Sur Televisora Itapúa, also known as Sur TV, is a Paraguayan television station located in the city of Encarnación, Itapúa. The station is a generalist outlet with national reach since 2013. For its first 37 years on air, it was a partial relayer of SNT, before becoming an independent channel within the Albavisión group.

==History==
Work was underway in 1975 for the creation of Paraguay's first inland television station, which was under the control of channel 9 in Asunción.

TV Itapúa started broadcasting on 3 December 1976, as the first of two SNT relays that served as affiliates - the latter of which, the later Paraná TV, started in 1980 - broadcasting a VHF signal on channel 7. Until 2013, thanks to an agreement, the two SNT stations outside Asunción relayed much of the network's schedule, yet were affiliates in their own right, producing their own local programming for up to six hours each day.

Among the local programs that stood out during the SNT affiliate phase was Reporteritos, a program aimed at children, in the second half of the 2000s. In 2000, the station aired two half-hour editions of Noticiero Itapúa (7:30am and 7pm), had an hour-long morning program (Buenos Días Itapúa, from 8am) and was given a slot for rotating local programs before the evening news at 6:30pm on weekdays. Signal overspill enabled the station to be received in Misiones and Corrientes Province in Argentina. The potential sum of its viewers across its coverage area was estimated to be of 800,000 viewers.

In early August 2013, the two SNT affiliates were to be converted into two new national television channels, Televisora del Este (channel 8, Presidente Franco) and Televisora Itapúa SA (channel 7, Encarnación). Marcelo Fleitas, president of SNT, claimed that the two stations were unable to expand their coverage due to technical considerations. Moreover, SNT decided not to have affiliates outside of Asunción, unifying the capital's feed with the rest of the country, under the grounds that when the decision was taken, only Ciudad del Este was still considered a strategic location for Paraguay's economy.

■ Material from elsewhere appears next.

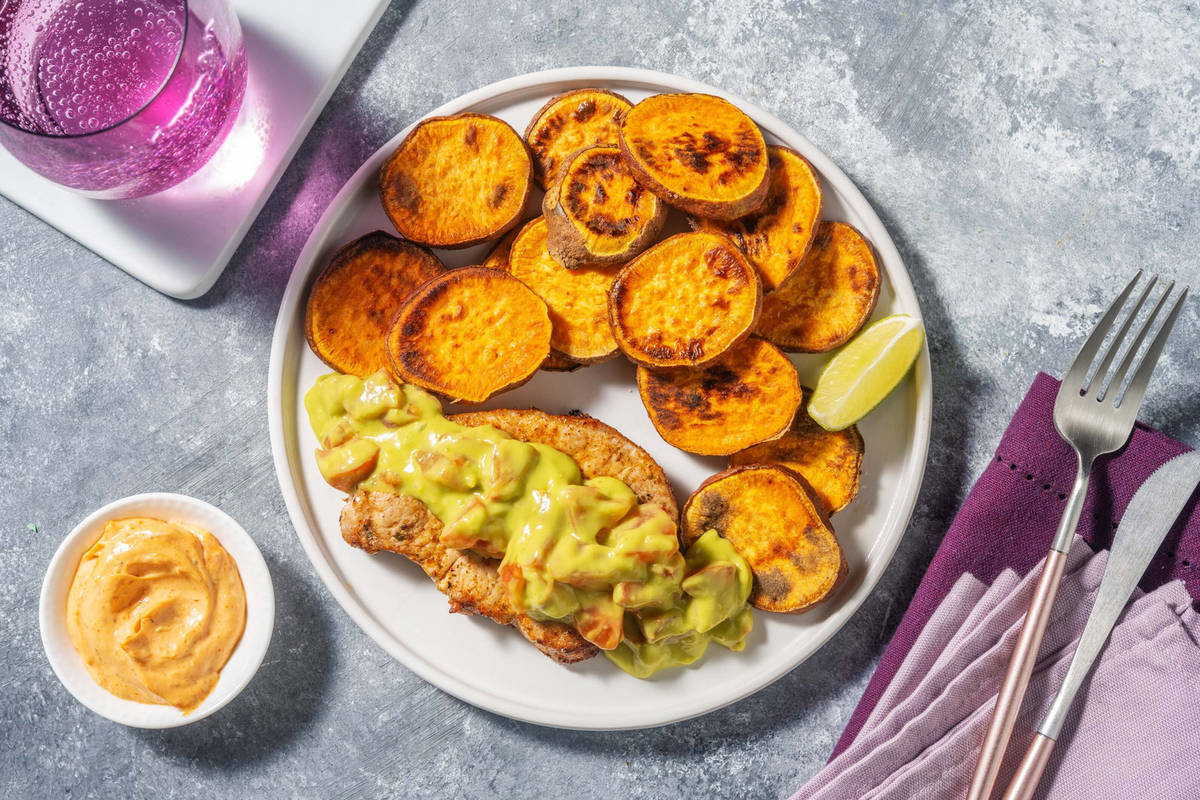 Smoky Pork Chops and Guacamole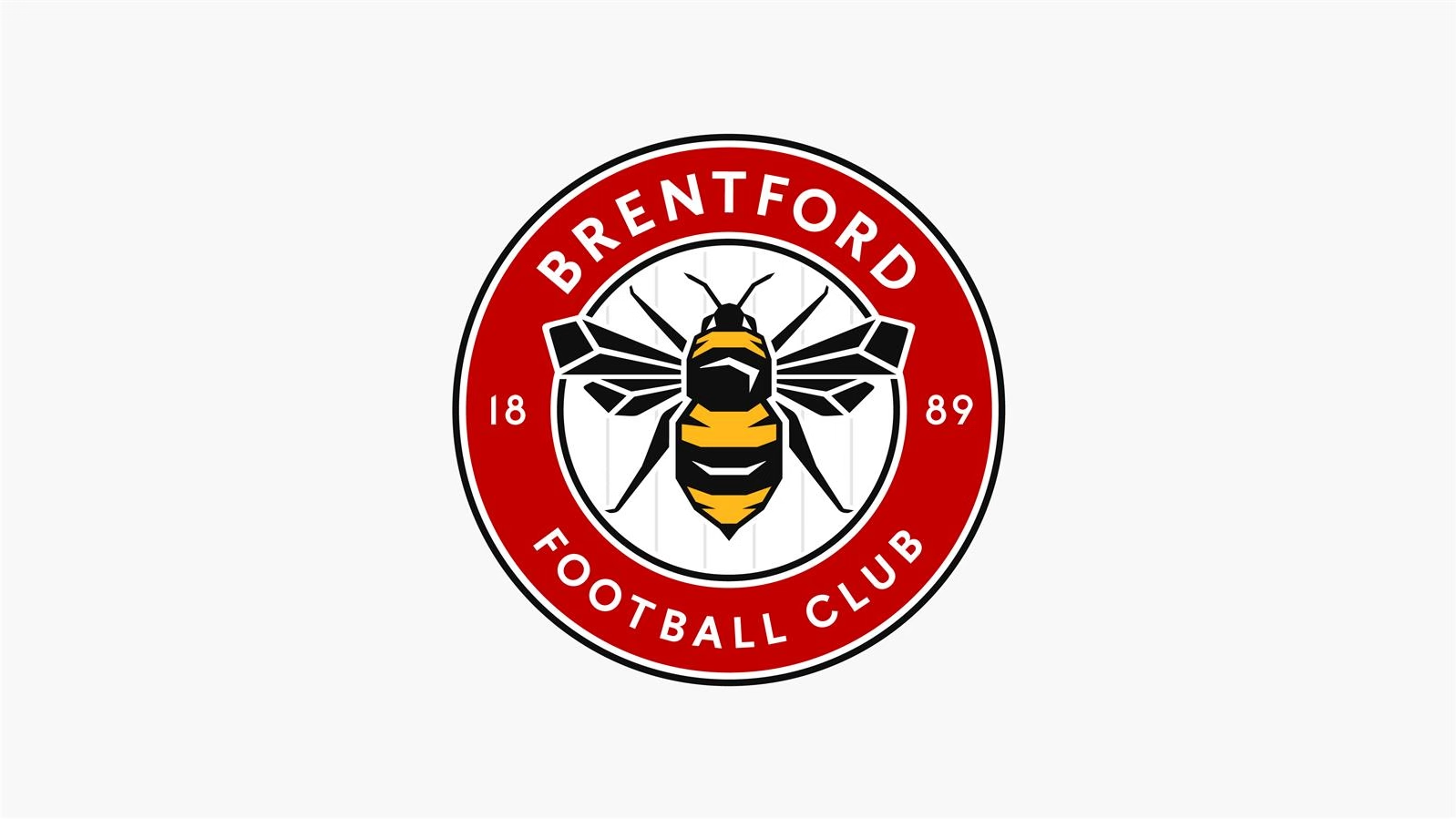 Biểu tượng Brentford với hình chú ong vàng trên nền tròn đỏ trắng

The president of the network, raising concerns over Albavisión controlling four television channels in Paraguay, said that SNT, Paravisión, PTV and Sur were independent channels, and that "it's wrong to say that the owner of Channel 9 now has four channels". Facing this situation SNT's national service announced that it would start broadcasting on the frequencies formerly held by the affiliates in Alto Paraná and Itapúa, whereas TVP and Sur would start broadcasting to Asunción (and nationwide) by means of Conatel decree nº. 1631/2012. This decree stipulated that Sur TV should broadcast in Asunción on channel 10 and PTV, on channel 12. Local programming on these two stations was limited, due to lack of budget.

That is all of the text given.